The Z-machine is a virtual machine that runs platform-independent bytecode.

The name "Z-Machine" was coined by Graham Nelson, but the original design was by Joel Berez and Marc Blank in 1979. The folks at Infocom improved the design over time, producing 6 versions of the machine. Most Infocom games in market (in Activision collections) are made for machine specification 3 or 5; graphical games use version 6.

Later, the Z-machine was reverse-engineered and improved by Graham Nelson for "modern" needs.

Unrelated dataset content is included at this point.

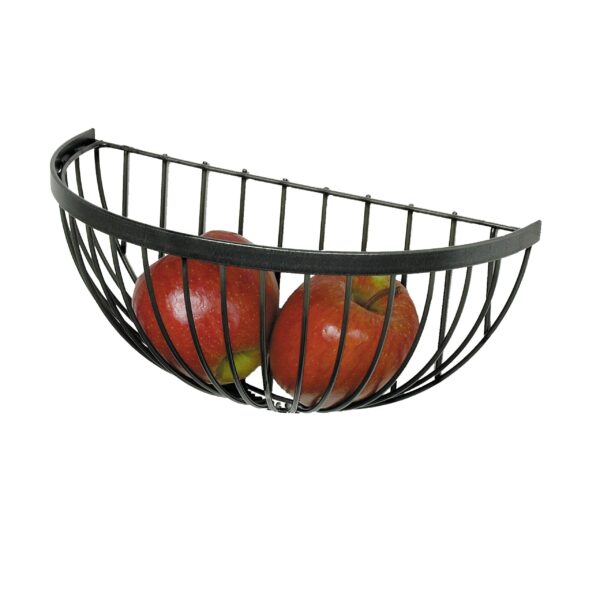Wire Fruit Basket Hammered Steel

Z-Machine is fairly advanced; it's fully object-oriented (due to structure of games this was the way to go), very compact and, of course, secure (can't write to files other than savegames, for example). In some respects, it's cooler than Java (because Java won't run in plain Commodore 64 or TRS-80 no matter how much you try =)

There are a couple of languages to write programs for Z-machine. Original language used for that is ZIL, but it is mostly extinct. These days, the best language is Inform, a freeware compiler by Graham Nelson.

To see the current specifications of Z-machine specifications, see Graham Nelson's web page at: http://www.gnelson.demon.co.uk/zspec/ - this text was based on the document's appendix D.

There's a new IF virtual machine in works that's technically slightly better than the Z-machine - it's called Glulx.